When I got to Laura and her husband’s house, I fell asleep on their couch with my small dog Casper in my lap. I ended up moving to a bed and maybe around 4 or 5 a.m. I was able to get the first proper nap since I had fallen asleep Thursday night. This was Saturday morning.
When I ended up coming back into Dresden, the damage was devastating. My office was gone. My house was gone. So many homes were gone, along with so many businesses, that thanks to my time with the Enterprise, I knew many of the owners and workers very well. It was devastating. But, we were all alive. We were getting word through the grapevine that it seemed like no one was dead so far early Saturday morning. It was the most uplifting news. I remember keeping my cool as much as possible because I knew that there was so much work to do, where would we sleep? Get clothes washed? Take care of our dogs? There was so much to do that I was determined to stay strong until I could finally get some rest and have a moment to myself.
We had lived at 220 East Maple St. for about six or so years. The house needed so much work. I remember sanding the window frames, working to get the smell of cat pee out of the house. My parents worked so hard on the house. I remember that on my 16th birthday, I painted my room because I wanted to so much. I graduated high school, got my associate’s degree, and my bachelor’s degree just earlier in 2021. It was the house that I went home to from work and that I felt we would be at for a very long time. Now it is all gone, being torn down a few months ago.
In the weeks that passed, we were helped and met so many wonderful people who have done nothing but try to make our lives as easy as it can be, considering everything.
My parents slept in their car for what felt like forever to watch for looters, who they would see rummage through other properties. Coming to my room at the Days Inn in Martin to take showers.
Now we have a house that we are currently working on, the same way we worked on 220 East Maple St. We lost a lot of things, mainly to me, all of our old Christmas ornaments that I had made in Elementary school and had been gifts from long-dead family members. But we didn’t lose our family photo albums, which had pictures that go back to the 40s. We were able to come together as a family with so many aunts, uncles, and cousins coming out of the woodwork to help us. We are so blessed despite everything that has happened.
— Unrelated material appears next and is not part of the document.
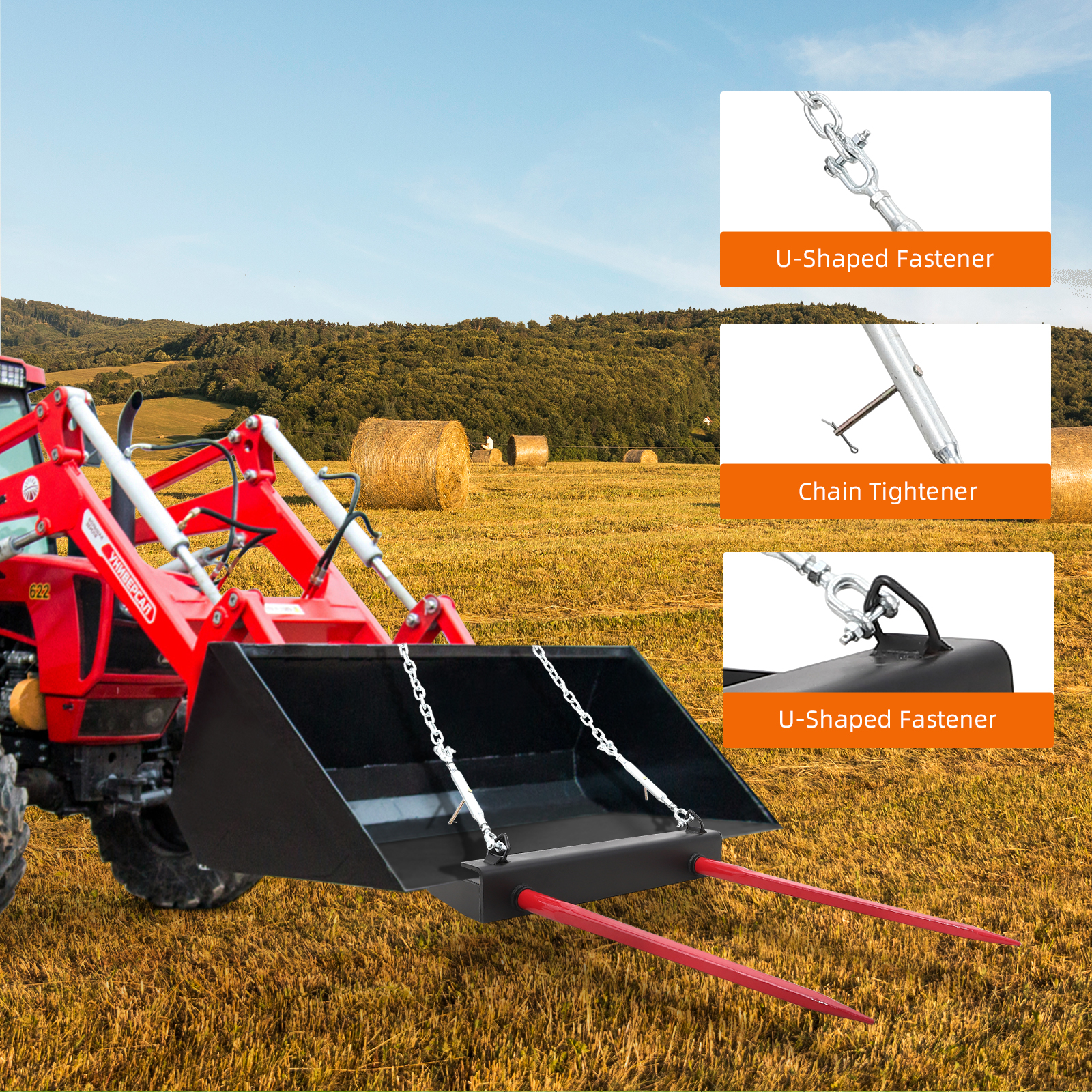 39/49" Hay Spear Bale Spear 4000lb Skid Steer Loader Tractor Bucket Quick Attach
We still have each other and soon we will have a beautiful house and a nice neighborhood, still in Dresden because we cannot see any other place we could call home, where I hope my parents can happily stay for a very long time.
I want to thank all of the strangers and family and friends who have helped us out during this time because there are so many people in the community who we do not even know that came up into our yard and asked what we needed them to do and they did it. They never complained or tried to get money or possessions out of us. It shows that Dresden is full of some of the best people.
Neighbors who are ready to pull up their sleeves and help at a moment’s notice.